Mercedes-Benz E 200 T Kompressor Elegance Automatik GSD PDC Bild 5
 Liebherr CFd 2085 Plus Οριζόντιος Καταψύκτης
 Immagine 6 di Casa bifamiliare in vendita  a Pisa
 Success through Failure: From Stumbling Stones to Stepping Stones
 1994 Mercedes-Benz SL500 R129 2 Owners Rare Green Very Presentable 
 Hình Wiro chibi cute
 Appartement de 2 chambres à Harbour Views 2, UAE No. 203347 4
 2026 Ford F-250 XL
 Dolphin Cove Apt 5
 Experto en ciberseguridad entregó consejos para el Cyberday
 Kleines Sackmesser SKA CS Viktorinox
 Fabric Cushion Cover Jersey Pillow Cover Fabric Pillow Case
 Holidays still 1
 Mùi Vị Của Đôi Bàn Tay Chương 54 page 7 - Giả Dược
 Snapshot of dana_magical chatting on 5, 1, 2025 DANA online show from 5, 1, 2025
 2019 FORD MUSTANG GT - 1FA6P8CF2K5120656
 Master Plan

### Required action
Show each line in the listing above that has "Mercedes".

### Response
Mercedes-Benz E 200 T Kompressor Elegance Automatik GSD PDC Bild 5
 1994 Mercedes-Benz SL500 R129 2 Owners Rare Green Very Presentable 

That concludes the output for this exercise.